Due to ease of accessibility, tumor cell surface antigens are invaluable targets for therapeutic development. The epitope space at the cell surface is highly complex. Relevant antigens may include glycosylated proteins and other post-translationally modified products that may not be readily predicted from studies of genomic copy number or mRNA expression levels (Liu et al. (2004) Cancer Res. 64: 704-710; Kobata and Amano (2005) Immunol. Cell Biol. 83: 429-439; Birkle et al. (2003) Biochimie (Paris) 85: 455-463; Hakomori (2001) Adv. Exp. Med. Biol. 491: 369-402; Hanisch, F. G. (2001) O-Glycosylation of the mucin type. Biol. Chem. 382, 143-1 49; Ugorski and Laskowska (2002) Acta Biochim. Pol. 49: 303-311).
Identification of tumor cell surface epitopes allows the production of antibodies to achieve specific binding to neoplastic cells, an ability that can be utilized in applications such as induction of antibody-dependent cell cytotoxicity (see, e.g., Clynes et al. (2000) Nat. Med. 6: 443-446), or inhibition of signaling pathways involved in tumor cell migration, growth, and survival (see, e.g., McWhirter et al. (2006) Proc. Natl. Acad. Sci., USA, 103: 1041-1 046; Fuh et al. (2006) J. Biol. Chem. 281: 6625-6631). In addition, antibodies targeting internalizing tumor epitopes can be exploited to achieve efficient and specific intracellular delivery of cytotoxins, cytostatic agents, chemotherapeutic drugs and/or other tumor-modulating agents (see, e.g., Liu et al. (2004) Cancer Res. 64: 704-710; Nielsen et al. (2002) Biochim. Biophys. Acta 1591: 109-118; Pirollo et al. (2006) Hum. Gene Ther. 17: 117-124; Song et al. (2005) Nat. Biotechnol. 23:709-717; Liu et al. (2002) J. Mol. Biol. 315: 1063-1073).

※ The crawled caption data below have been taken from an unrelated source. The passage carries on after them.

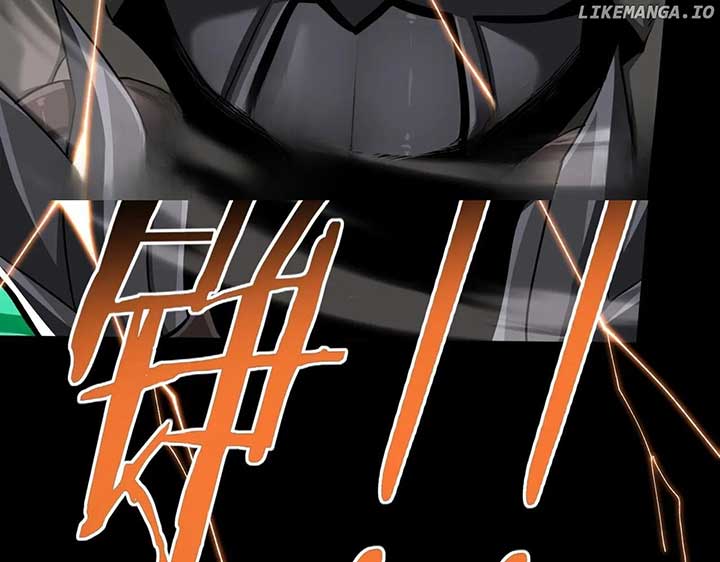 Worthless Profession: Dragon Tamer Chapter 147 95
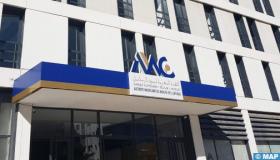هيئات التوظيف الجماعي للقيم المنقولة: صافي الأصول يبلغ 772,7 مليار درهم بتاريخ 30 ماي المنصرم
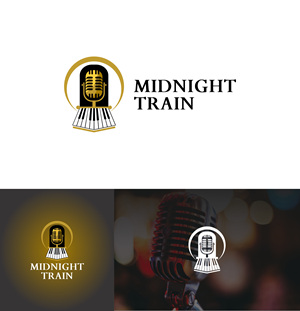 Logo Design by rosiyandesign for this project | Design: #31869699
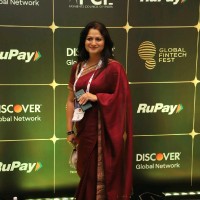 Reena Wadkar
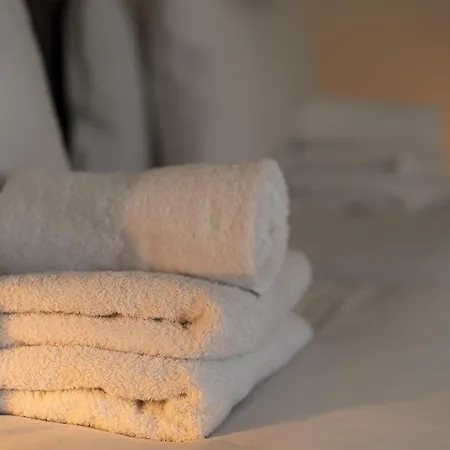 Abbey Point Hotel 3*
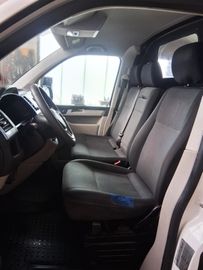 Volkswagen T6 Transporter - 11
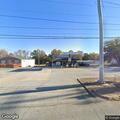 Interior alarm at grocery store on US 311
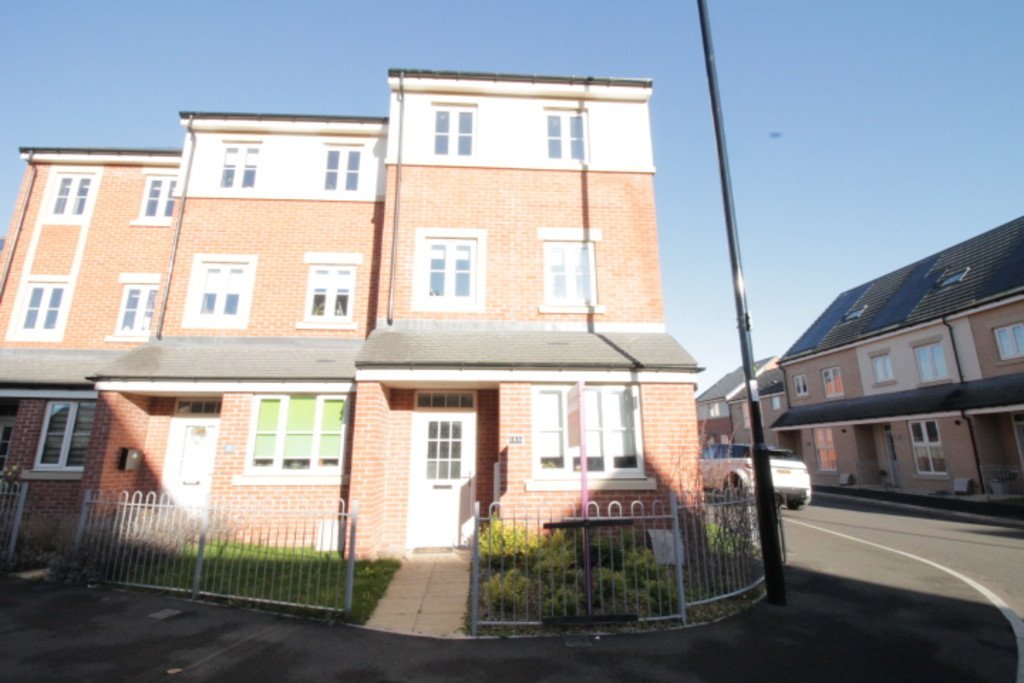 Properties Archive Safe & Secure Properties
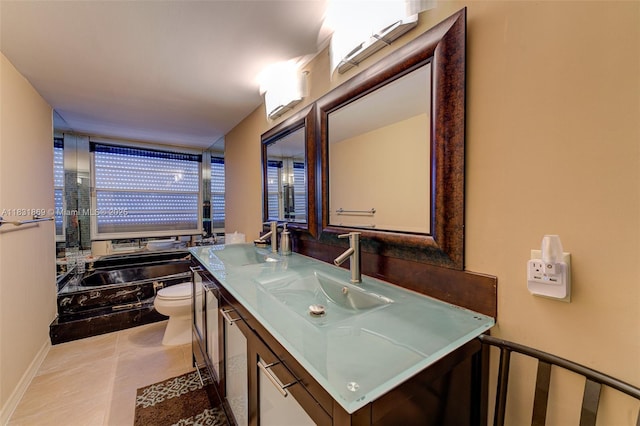 1014 NE 25th Ave Unit 140, Hallandale Beach, FL 33009 - photo 28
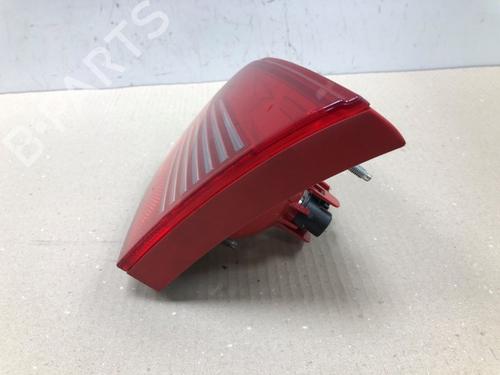 Right taillight VW EOS (1F7, 1F8) 1.6 FSI | BP37206238C35 - Image 2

Phage antibody display has been widely used to develop cancer-specific antibodies (see, e.g., Liu et al. (2004) Cancer Res. 64: 704-710; Liu and Marks (2000) Anal. Biochem. 286: 119-128; 15. Marks et al. (1992) Biotechnology (N. Y.) 10: 779-783; Marks et al. (1991) J. Mol. Biol. 222: 581-597; Marks et al. (1992) J. Biol. Chem. 267: 16007-16010; Sharon et al. (2005) J. Cell. Biochem. 96: 305-313; Silacci et al. (2005) Proteomics 5: 2340-2350; Gao et al. (2003) J. Immunol. Methods 274: 185-197; Lekkerkerker and Logtenberg (1999) J. Immunol. Meth., 231: 53-63; de Kruif et al. (1995) Proc. Natl. Acad. Sci., USA, 92: 3938-3942; Pini et al. (1998) J. Biol. Chem. 273: 21 769-21 776). A combinatorial phage antibody library serves as a source of random shape repertoire that can be used to probe neoplastic variations on the surface of cancer cells (see, e.g., Liu et al. (2004) Cancer Res. 64: 704-710; Geuij en et al. (2005) Eur. J. Cancer 41: 178-187; Poul et al. (2000) J. Mol. Biol. 301: 1149-1161; Cai and Garen (1995) Proc. Natl. Acad. Sci., USA, 92: 6537-6541). Selecting phage antibody libraries directly on cancer cell lines enables the identification of tumor-targeting antibodies without prior knowledge of target antigens see, e.g., (Liu et al. (2004) Cancer Res. 64: 704-710; Gao et al. (2003) J. Immunol. Methods 274: 185-197; Geuijen et al. (2005) Eur. J. Cancer 41: 178-187; Poul et al. (2000) J. Mol. Biol. 301: 1149-1161).
Although numerous antibodies have been found by this approach, the screening process against cell lines does not provide an ideal picture as to how specific these antibodies will be to actual cancer cells in patient populations. Nor does it necessarily provide an indication of whether or not the antibodies will internalize in vivo.